What is positive for Gallagher is that brokers are selling for lower multiples in the post-financial crisis period at, say, five to eight times earnings, instead of 10 to 13.
2) Which brings us nicely on to Jelf, which this week revealed it was back on the hunt for acquisition targets. The West Country-based broking group is now on a sound financial footing, so it makes sense to get buying again. Likewise, Oval, which is also back on the look-out for brokers, has trimmed debts and is in better financial shape than a few years ago.
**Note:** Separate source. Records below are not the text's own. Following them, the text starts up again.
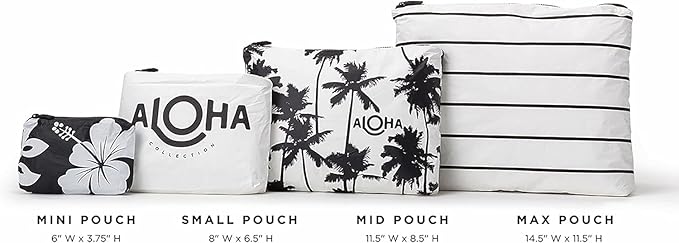 ALOHA Collection Small Pouch | Lightweight, Packable, and Splash-Proof Makeup Pouch | Easy to Clean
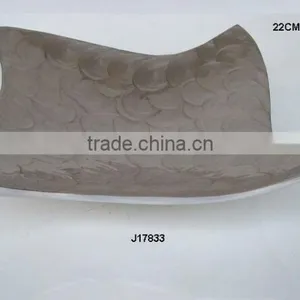 Cast Metal Enamel Bowl With in Brown Finger Painting thumbnail-1
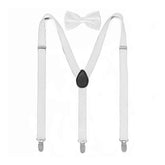 MULTICOLOR SOLID COLOR SUSPENDER CLIP BOW TIE SET_CWMM1105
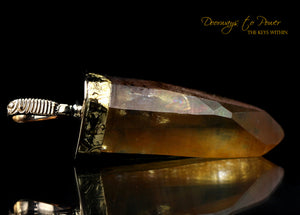 Tangerine Lemurian Light Language Crystal Pendant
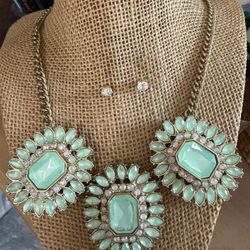 Juego Collar Aretes Piedras 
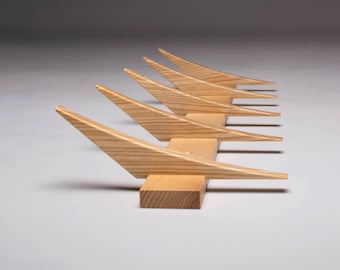 Handmade Ash Wall-Mounted Rack with Hooks - Various Sizes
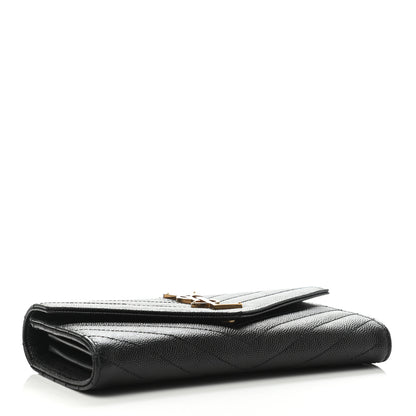 Saint Laurent Grain De Poudre Matelasse Chevron Monogram Flap Wallet Black 3 of 4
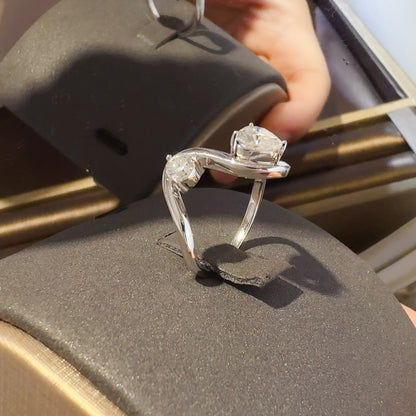 1,3 Karat Moissanit 925 Sterling Silber Ring mit unregelmäßiger Form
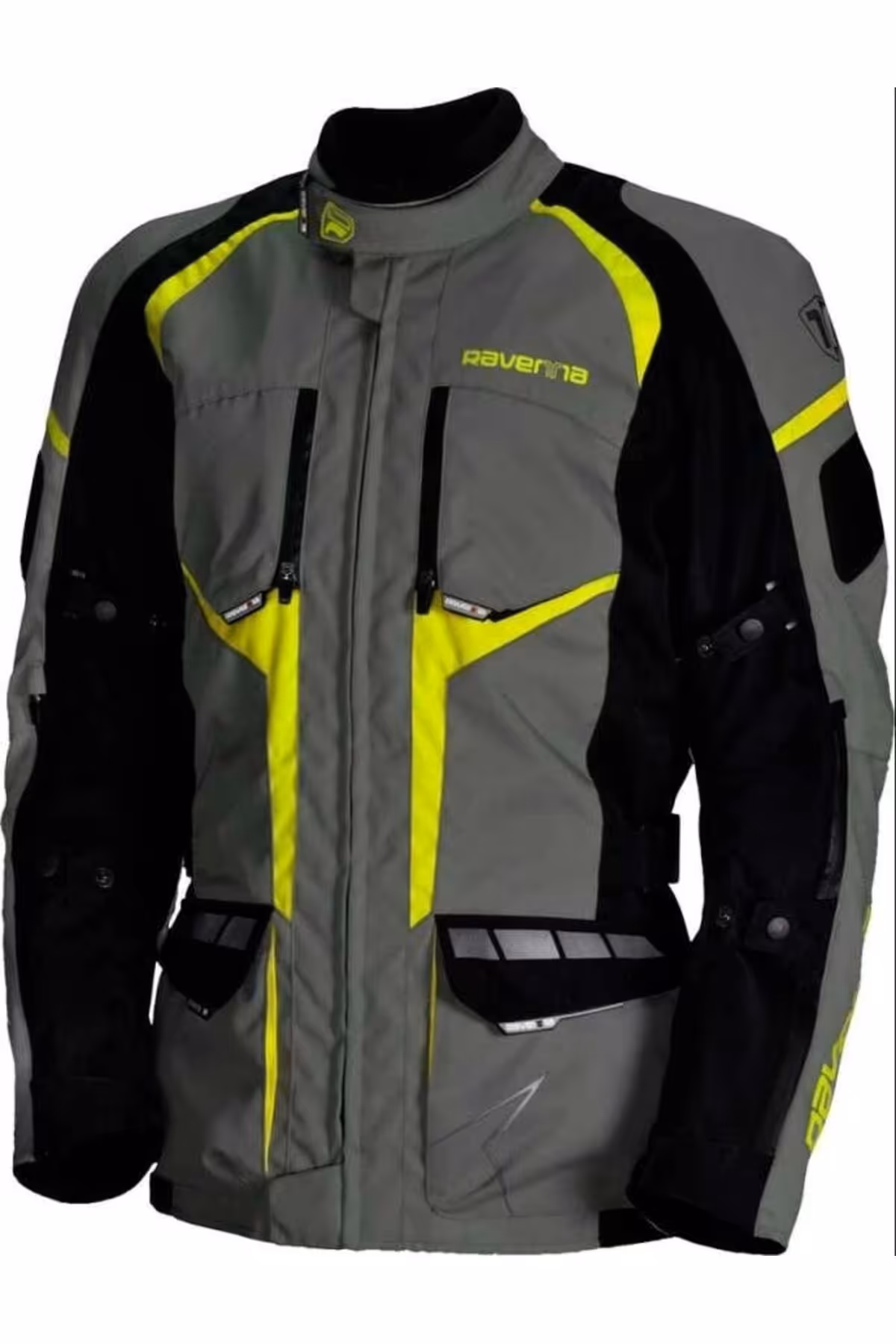 کاپشن موتورسوار خاکستری مردانه و زنانه ژاکت RAVENNA CE 3 LAYERS ADVENTURE WP GRAY YELLOW RA1771 RAVENNA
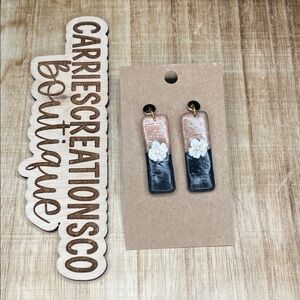 Handmade Pink and Black Flower Drop Earrings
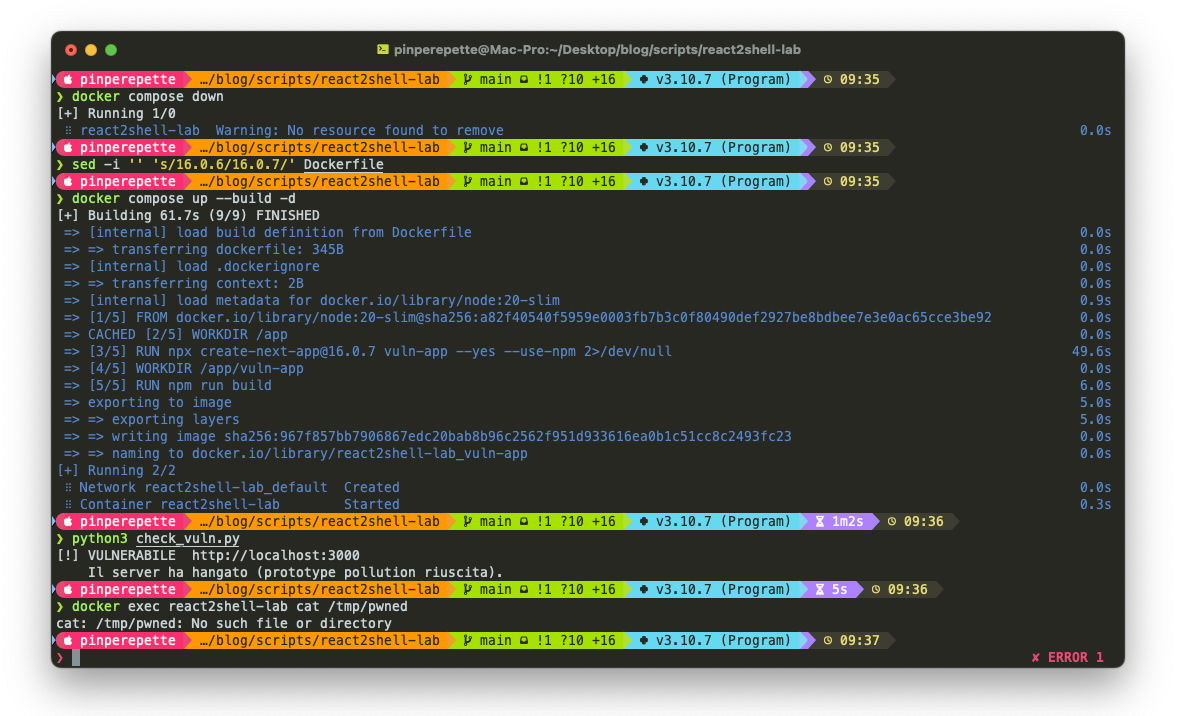 Terminale: Next.js 16.0.7 patchato, check_vuln mostra Non vulnerabile, /tmp/pwned non esiste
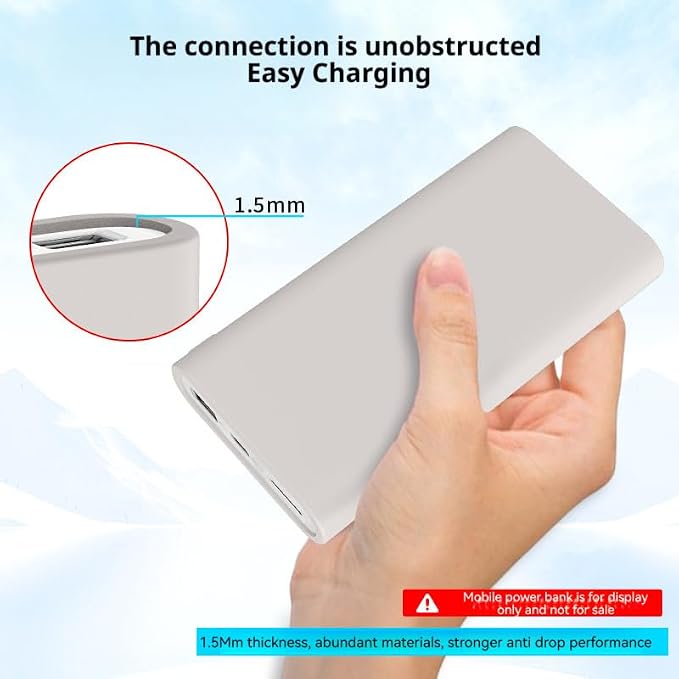 Silicone Protective Case Compatible with OnePlus 100W SUPERVOOC Power Bank, for Shock Absorption, Dustproof Seal & Enhanced Grip (Gray)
3) The interesting one among the consolidators is Towergate. It’s still heavily on a buying spree, funded by a war chest from private equity backer Advent. Chief executive Mark Hodges must prove it’s not a one-trick pony. Anyone can go around buying brokers; the test is to achieve organic growth. He’s completed act I by cutting costs to keep profits stable, now he’s got to grow the business.
So far, we haven’t seen much in the way of ideas from Hodges, unlike his nearest rival, Giles chief executive Brendan McManus. McManus has launched a reinsurance arm, harbours ambitions to expand his network offering, and wants to bolster the firm’s image by proving to insurers that it can deliver healthy profits for underwriters.
McManus has taken a very entrepreneurial attitude to Giles, as opposed to Hodges, who wants to make the company more corporate.
Whichever consolidator delivers organic growth will be the true winner.